»»

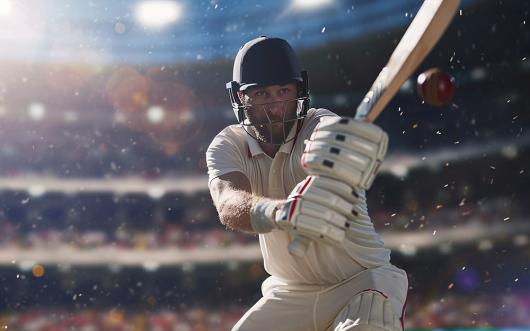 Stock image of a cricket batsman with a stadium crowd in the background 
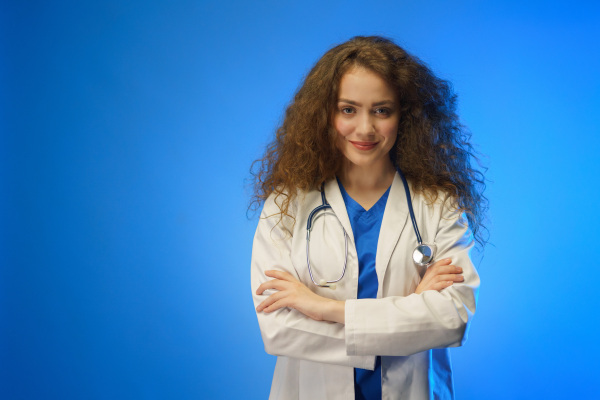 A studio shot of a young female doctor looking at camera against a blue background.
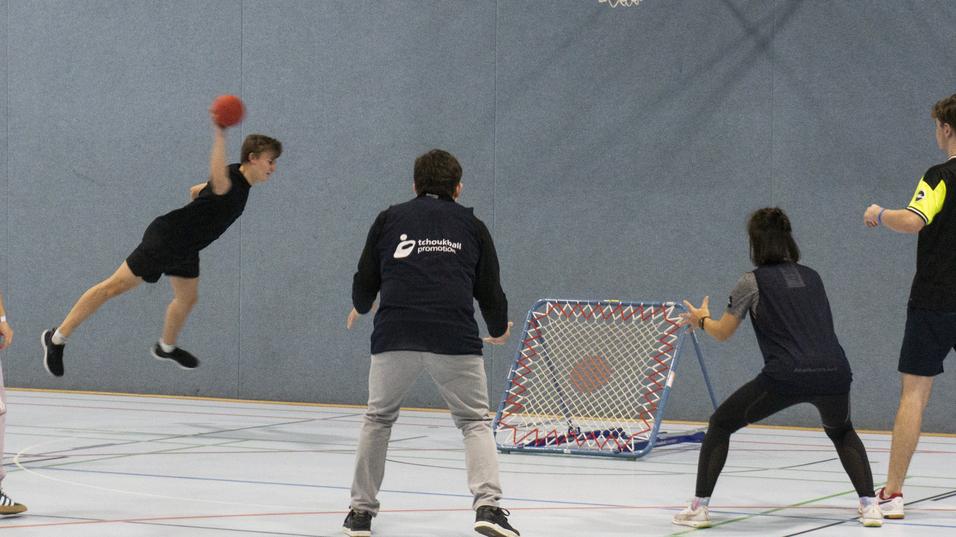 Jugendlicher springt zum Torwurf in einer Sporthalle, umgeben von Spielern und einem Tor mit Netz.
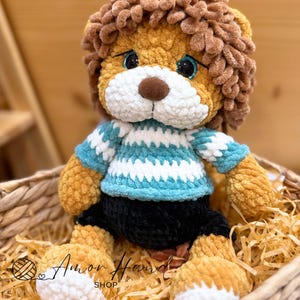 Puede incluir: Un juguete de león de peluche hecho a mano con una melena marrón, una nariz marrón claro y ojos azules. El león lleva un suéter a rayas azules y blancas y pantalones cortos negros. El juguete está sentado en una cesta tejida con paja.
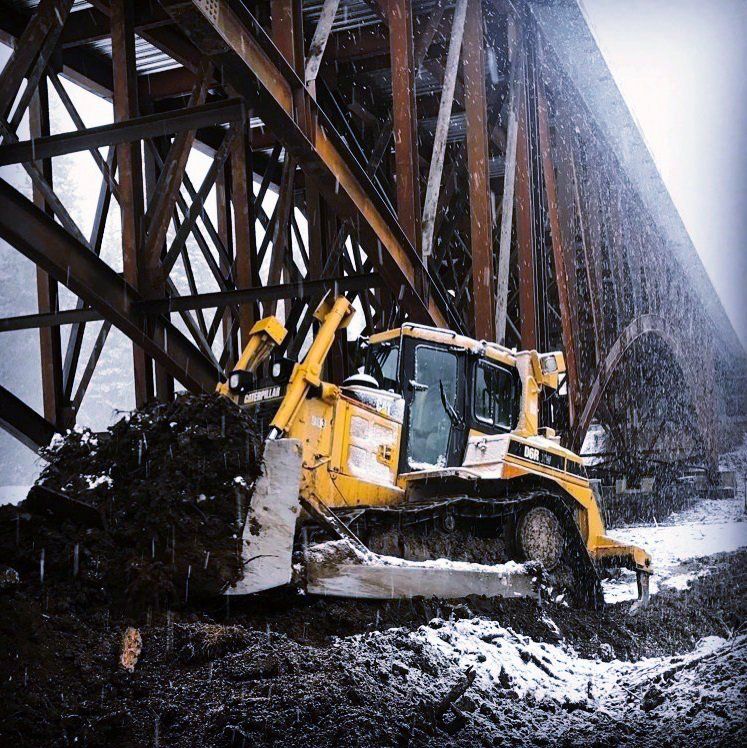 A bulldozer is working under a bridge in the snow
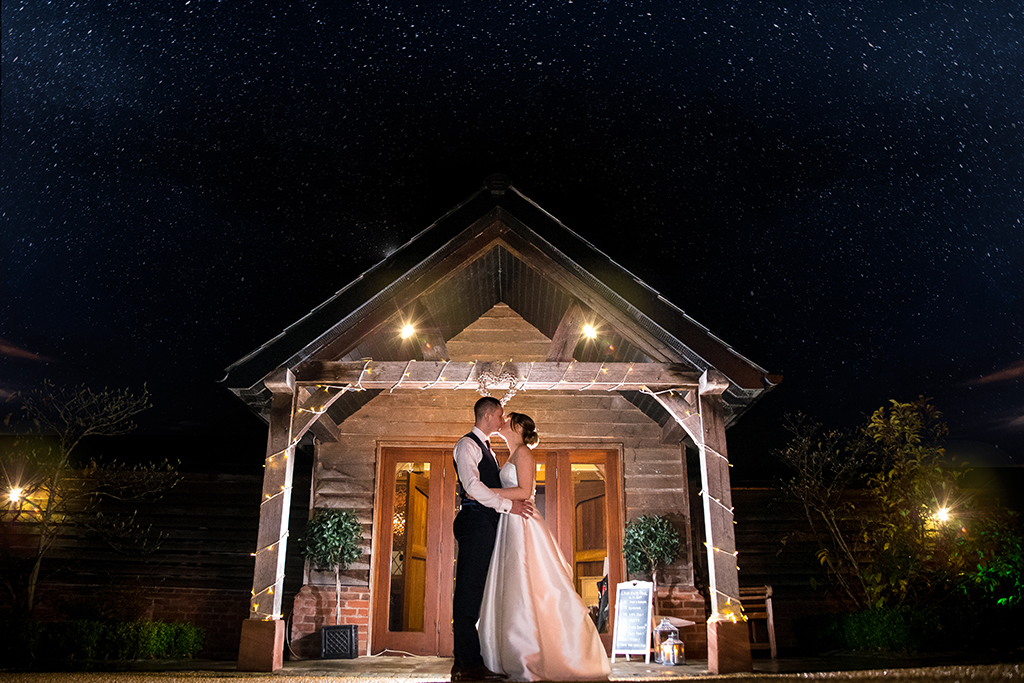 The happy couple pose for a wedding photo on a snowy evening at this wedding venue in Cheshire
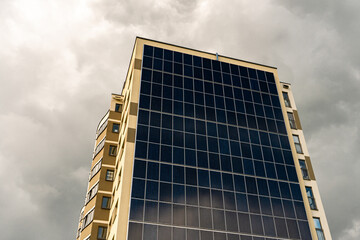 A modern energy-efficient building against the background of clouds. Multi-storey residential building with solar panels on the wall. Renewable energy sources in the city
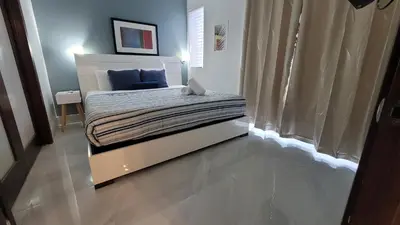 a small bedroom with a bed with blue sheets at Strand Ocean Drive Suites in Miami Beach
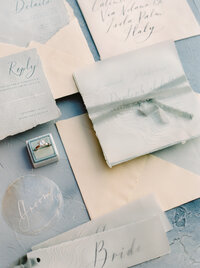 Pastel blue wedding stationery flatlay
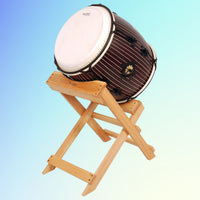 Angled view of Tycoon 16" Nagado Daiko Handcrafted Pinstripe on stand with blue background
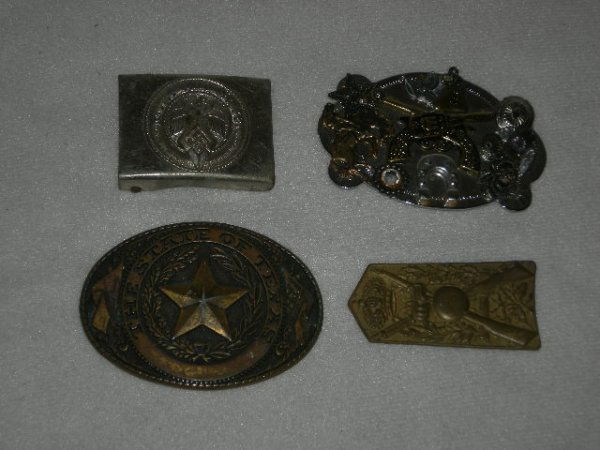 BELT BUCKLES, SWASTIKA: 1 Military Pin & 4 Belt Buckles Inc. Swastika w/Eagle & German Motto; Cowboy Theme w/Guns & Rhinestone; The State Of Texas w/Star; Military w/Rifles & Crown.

««

> **Task prompt**
From the first line of the material down to the line containing "A bulldozer is", inclusive, return each line exactly, skipping any picture.

> **Answer to this problem**
 Stock image of a cricket batsman with a stadium crowd in the background 
 A studio shot of a young female doctor looking at camera against a blue background.
 Jugendlicher springt zum Torwurf in einer Sporthalle, umgeben von Spielern und einem Tor mit Netz.
 Puede incluir: Un juguete de león de peluche hecho a mano con una melena marrón, una nariz marrón claro y ojos azules. El león lleva un suéter a rayas azules y blancas y pantalones cortos negros. El juguete está sentado en una cesta tejida con paja.
 A bulldozer is working under a bridge in the snow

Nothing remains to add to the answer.